Each line below should be repeated exactly, but no picture should be carried over.

• **SUPPLIED INFORMATION**:
--- START ---

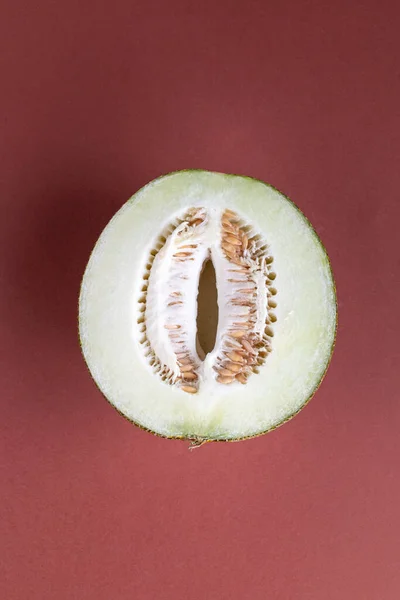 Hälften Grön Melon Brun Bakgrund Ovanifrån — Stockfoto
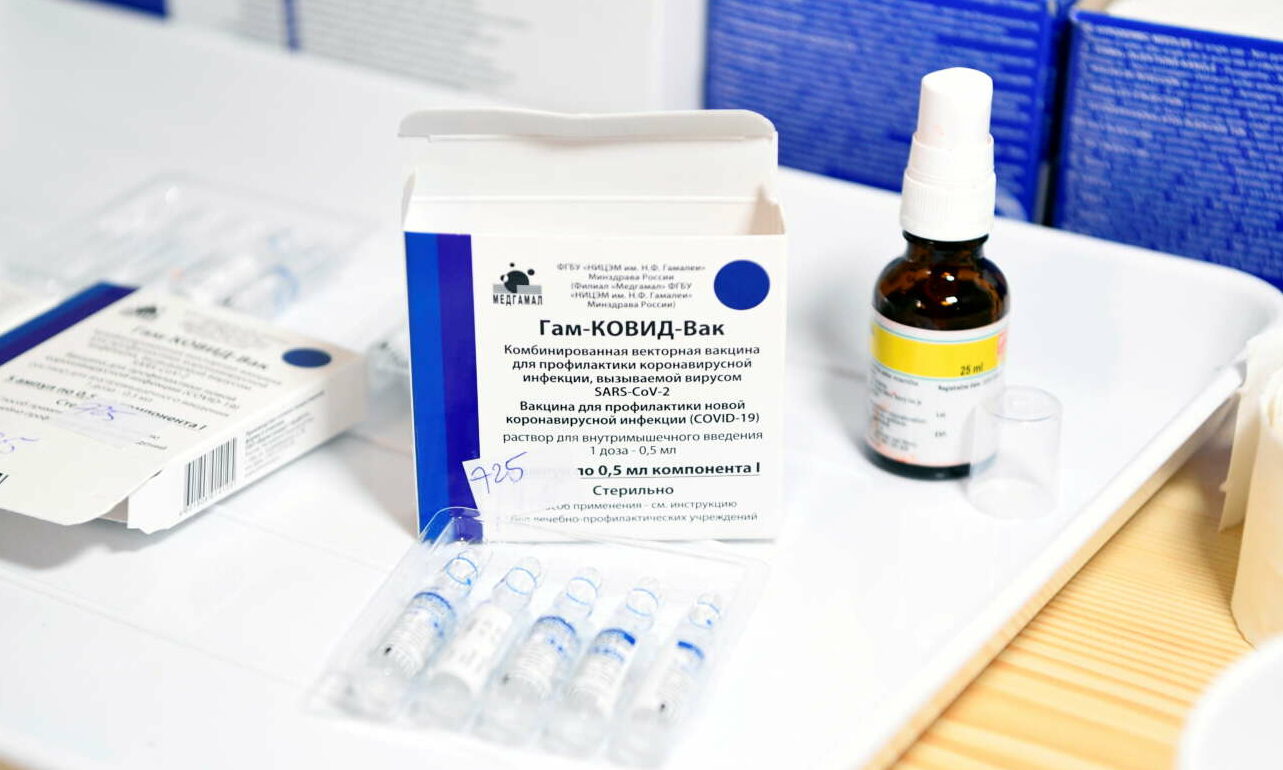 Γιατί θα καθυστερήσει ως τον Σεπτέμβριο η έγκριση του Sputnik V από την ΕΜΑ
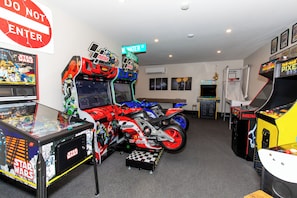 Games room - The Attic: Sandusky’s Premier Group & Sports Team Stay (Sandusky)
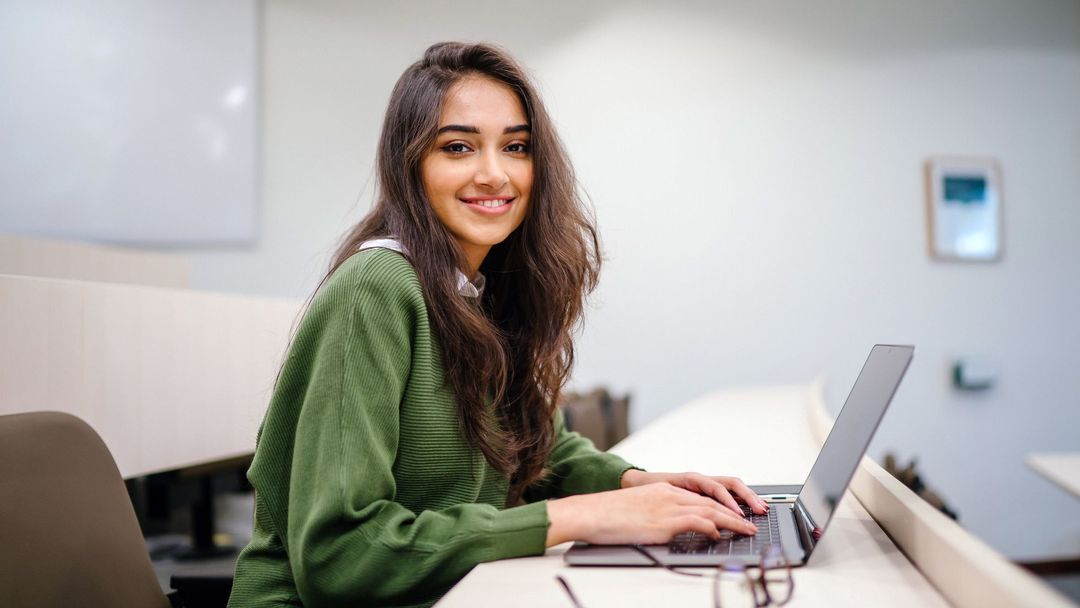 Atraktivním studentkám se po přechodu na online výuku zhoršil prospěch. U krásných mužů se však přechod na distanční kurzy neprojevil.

--- END ---

• **TASK RESPONSE**:
 Hälften Grön Melon Brun Bakgrund Ovanifrån — Stockfoto
 Γιατί θα καθυστερήσει ως τον Σεπτέμβριο η έγκριση του Sputnik V από την ΕΜΑ
 Games room - The Attic: Sandusky’s Premier Group & Sports Team Stay (Sandusky)
 Atraktivním studentkám se po přechodu na online výuku zhoršil prospěch. U krásných mužů se však přechod na distanční kurzy neprojevil.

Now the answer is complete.